● **Problem to solve**:
Search the records for the string "Mercedes". Copy each line where it occurs.

● **Source material**:
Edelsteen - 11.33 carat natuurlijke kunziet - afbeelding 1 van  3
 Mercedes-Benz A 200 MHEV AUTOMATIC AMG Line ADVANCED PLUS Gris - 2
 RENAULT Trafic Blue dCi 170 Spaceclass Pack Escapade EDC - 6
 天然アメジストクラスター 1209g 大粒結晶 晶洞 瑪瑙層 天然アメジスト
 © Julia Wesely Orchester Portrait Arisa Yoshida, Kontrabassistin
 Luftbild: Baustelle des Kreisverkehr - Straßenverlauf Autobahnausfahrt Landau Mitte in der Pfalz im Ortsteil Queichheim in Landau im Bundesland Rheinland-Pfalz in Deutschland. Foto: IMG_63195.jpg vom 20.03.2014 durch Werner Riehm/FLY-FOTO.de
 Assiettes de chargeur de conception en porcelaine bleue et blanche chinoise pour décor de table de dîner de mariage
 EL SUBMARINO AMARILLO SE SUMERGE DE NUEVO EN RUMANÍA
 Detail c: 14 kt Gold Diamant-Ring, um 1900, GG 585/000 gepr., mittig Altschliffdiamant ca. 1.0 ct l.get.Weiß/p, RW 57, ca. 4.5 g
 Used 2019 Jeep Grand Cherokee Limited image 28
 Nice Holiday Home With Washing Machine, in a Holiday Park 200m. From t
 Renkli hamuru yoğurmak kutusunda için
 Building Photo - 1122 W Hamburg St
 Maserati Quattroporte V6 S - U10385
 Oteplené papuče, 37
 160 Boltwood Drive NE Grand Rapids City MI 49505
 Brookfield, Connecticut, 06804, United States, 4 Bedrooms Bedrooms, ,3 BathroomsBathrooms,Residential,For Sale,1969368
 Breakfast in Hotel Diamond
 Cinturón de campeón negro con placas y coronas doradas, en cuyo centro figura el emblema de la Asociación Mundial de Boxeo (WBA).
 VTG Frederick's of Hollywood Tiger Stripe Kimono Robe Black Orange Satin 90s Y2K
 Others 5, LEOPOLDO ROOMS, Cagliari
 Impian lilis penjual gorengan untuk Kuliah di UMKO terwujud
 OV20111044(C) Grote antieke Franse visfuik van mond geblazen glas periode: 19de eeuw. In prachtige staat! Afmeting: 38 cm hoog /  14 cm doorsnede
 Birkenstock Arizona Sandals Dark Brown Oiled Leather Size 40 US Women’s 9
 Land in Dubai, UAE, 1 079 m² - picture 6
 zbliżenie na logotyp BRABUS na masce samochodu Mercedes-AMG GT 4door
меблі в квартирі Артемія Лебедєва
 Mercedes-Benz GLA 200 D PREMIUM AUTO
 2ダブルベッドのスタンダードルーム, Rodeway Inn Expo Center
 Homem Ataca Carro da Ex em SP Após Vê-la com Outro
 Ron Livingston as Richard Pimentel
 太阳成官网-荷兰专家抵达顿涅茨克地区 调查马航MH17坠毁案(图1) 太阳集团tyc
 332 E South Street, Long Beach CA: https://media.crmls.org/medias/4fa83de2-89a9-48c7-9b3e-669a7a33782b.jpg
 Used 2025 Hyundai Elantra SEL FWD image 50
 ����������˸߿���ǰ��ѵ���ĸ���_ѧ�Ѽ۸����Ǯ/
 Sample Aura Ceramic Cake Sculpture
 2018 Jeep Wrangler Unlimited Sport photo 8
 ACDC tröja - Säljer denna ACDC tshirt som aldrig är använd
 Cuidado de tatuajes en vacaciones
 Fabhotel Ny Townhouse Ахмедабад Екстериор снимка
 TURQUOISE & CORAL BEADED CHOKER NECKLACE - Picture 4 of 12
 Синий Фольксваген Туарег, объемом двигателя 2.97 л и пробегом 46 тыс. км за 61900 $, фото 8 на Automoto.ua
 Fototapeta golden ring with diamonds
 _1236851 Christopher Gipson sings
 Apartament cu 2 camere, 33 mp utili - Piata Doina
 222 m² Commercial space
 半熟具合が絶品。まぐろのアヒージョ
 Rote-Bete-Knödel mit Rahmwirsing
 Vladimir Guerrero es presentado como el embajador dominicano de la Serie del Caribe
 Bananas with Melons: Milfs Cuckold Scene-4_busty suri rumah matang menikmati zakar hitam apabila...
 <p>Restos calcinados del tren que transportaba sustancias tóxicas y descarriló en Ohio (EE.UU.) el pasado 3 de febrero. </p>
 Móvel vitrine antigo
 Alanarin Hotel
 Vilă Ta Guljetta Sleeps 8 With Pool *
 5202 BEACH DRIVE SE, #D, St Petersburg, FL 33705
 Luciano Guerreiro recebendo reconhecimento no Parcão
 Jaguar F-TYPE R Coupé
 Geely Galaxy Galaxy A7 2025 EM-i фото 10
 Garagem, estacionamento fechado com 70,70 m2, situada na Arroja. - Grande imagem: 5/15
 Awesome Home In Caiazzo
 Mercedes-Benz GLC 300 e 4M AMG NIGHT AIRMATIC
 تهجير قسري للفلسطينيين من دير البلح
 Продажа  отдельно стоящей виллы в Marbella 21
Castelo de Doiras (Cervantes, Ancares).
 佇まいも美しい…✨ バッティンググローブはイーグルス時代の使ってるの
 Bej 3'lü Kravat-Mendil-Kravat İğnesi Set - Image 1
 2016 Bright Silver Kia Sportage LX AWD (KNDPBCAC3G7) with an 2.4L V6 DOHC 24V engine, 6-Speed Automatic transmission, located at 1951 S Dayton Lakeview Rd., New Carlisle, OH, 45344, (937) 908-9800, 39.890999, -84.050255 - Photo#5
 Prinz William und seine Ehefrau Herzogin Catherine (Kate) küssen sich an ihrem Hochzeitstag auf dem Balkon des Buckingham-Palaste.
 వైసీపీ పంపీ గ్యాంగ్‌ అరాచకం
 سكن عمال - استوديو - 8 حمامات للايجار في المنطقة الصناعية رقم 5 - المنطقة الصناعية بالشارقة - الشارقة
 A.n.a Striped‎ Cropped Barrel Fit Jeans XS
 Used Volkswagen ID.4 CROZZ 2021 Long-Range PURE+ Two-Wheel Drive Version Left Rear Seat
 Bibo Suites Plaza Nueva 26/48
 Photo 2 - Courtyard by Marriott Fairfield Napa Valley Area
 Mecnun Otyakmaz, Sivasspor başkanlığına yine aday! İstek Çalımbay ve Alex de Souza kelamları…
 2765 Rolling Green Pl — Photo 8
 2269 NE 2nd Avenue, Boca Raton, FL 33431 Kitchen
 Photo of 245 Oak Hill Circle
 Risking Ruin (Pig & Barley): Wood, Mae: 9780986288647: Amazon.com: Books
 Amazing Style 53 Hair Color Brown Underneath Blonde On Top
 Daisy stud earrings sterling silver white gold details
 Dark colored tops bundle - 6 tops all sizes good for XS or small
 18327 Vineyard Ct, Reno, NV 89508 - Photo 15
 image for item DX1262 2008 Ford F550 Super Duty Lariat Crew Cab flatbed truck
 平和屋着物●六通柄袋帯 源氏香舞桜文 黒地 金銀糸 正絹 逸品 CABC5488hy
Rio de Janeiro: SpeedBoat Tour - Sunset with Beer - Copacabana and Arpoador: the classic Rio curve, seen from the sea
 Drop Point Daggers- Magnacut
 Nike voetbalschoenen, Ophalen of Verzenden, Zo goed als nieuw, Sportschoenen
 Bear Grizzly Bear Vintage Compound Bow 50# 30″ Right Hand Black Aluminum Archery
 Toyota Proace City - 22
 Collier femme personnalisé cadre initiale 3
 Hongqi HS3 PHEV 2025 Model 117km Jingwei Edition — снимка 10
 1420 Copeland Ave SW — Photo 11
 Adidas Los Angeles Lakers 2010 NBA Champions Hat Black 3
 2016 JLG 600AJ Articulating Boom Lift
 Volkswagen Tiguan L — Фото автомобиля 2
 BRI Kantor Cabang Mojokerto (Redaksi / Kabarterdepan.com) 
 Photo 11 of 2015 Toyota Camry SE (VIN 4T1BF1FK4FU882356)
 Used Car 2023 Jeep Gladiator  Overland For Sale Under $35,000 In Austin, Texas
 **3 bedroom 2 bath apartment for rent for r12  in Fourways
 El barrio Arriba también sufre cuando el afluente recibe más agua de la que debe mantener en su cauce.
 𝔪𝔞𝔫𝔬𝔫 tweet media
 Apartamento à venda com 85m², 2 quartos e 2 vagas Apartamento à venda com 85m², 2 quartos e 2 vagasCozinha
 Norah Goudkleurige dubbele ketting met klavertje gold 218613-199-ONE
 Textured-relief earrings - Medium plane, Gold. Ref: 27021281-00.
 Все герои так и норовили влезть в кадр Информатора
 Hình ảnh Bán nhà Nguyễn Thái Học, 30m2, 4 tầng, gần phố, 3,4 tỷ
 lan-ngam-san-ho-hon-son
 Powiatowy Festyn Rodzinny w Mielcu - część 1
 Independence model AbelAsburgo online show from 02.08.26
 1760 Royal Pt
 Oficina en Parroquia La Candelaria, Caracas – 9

● **Exercise solution**:
 Mercedes-Benz A 200 MHEV AUTOMATIC AMG Line ADVANCED PLUS Gris - 2
 zbliżenie na logotyp BRABUS na masce samochodu Mercedes-AMG GT 4door
 Mercedes-Benz GLA 200 D PREMIUM AUTO
 Mercedes-Benz GLC 300 e 4M AMG NIGHT AIRMATIC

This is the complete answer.